The intervention study by Wang, Ertmer and Newby (2004) sought to test the effects of vicarious learning experiences and goal setting on pre-service teacher self-efficacy for integrating technology in the classroom. The intervention was a two hour lab session where one control and three experimental groups were asked to explore one or both of two technologies: VisionQuest and/or WebQuest. Specifically, the researchers posited that the teaching simulations provided in VisionQuest would serve as vicarious instructional experiences and that the goal-setting process in the WebQuest activity would both positively impact the pre-service teachers’ self-efficacy towards technology.
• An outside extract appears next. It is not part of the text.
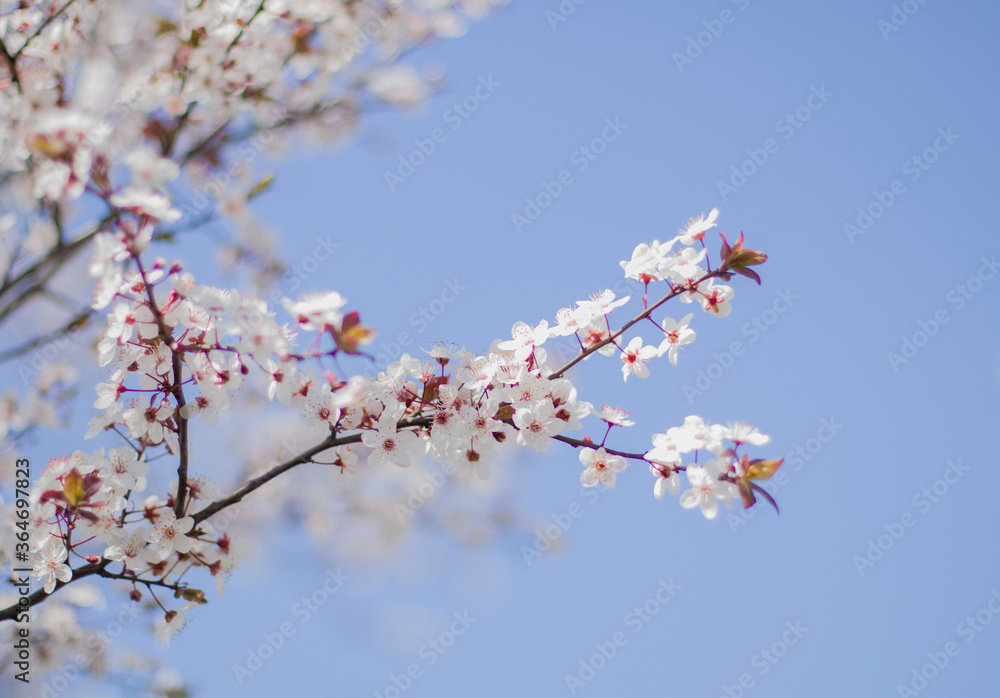 Branches of blossom on blue sky background.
The methods used in this study included exploratory factor analysis (EFA) to establish the validity and reliability of the survey instrument and to identify any latent variables. The results of the EFA showed that the survey questions connected with two constructs: external factors that influence a teacher’s self efficacy towards technology, and the teacher’s self-perceptions of his/her technology capabilities. Once the instrument was determined to be valid and reliable, the researchers collected pretest / posttest data and then used ANOVA for comparing group differences. The results show that while vicarious learning experiences and goal setting had individually contributed to pre-service teacher self-efficacy, the combined effects of both variables yielded the largest difference. The researchers call for replicated studies that allow for a longer treatment period and that include participants from different teacher education programs.

The present study draws upon the previous research in order to investigate the effects of technology training on the self-efficacy of pre-service world language teachers. Due to the growing interest in the use of teacher web pages and web blogs in classroom instruction, the researcher chose an intervention that focuses on macromedia training. Although there is a need to investigate the effectiveness of these technologies on student achievement, the objectives for this study are directed toward pre-service teacher training.

Research Questions

This study specifically sought to answer the following research questions:

1. Do the survey items capture the two latent variables (external influences and self-perceptions of technology capabilities) that are associated with pre-service teacher self-efficacy?

2. Do external influences and self-perceptions of technology capabilities capture the pre-service teacher’s self-efficacy towards the use of technology in the class room?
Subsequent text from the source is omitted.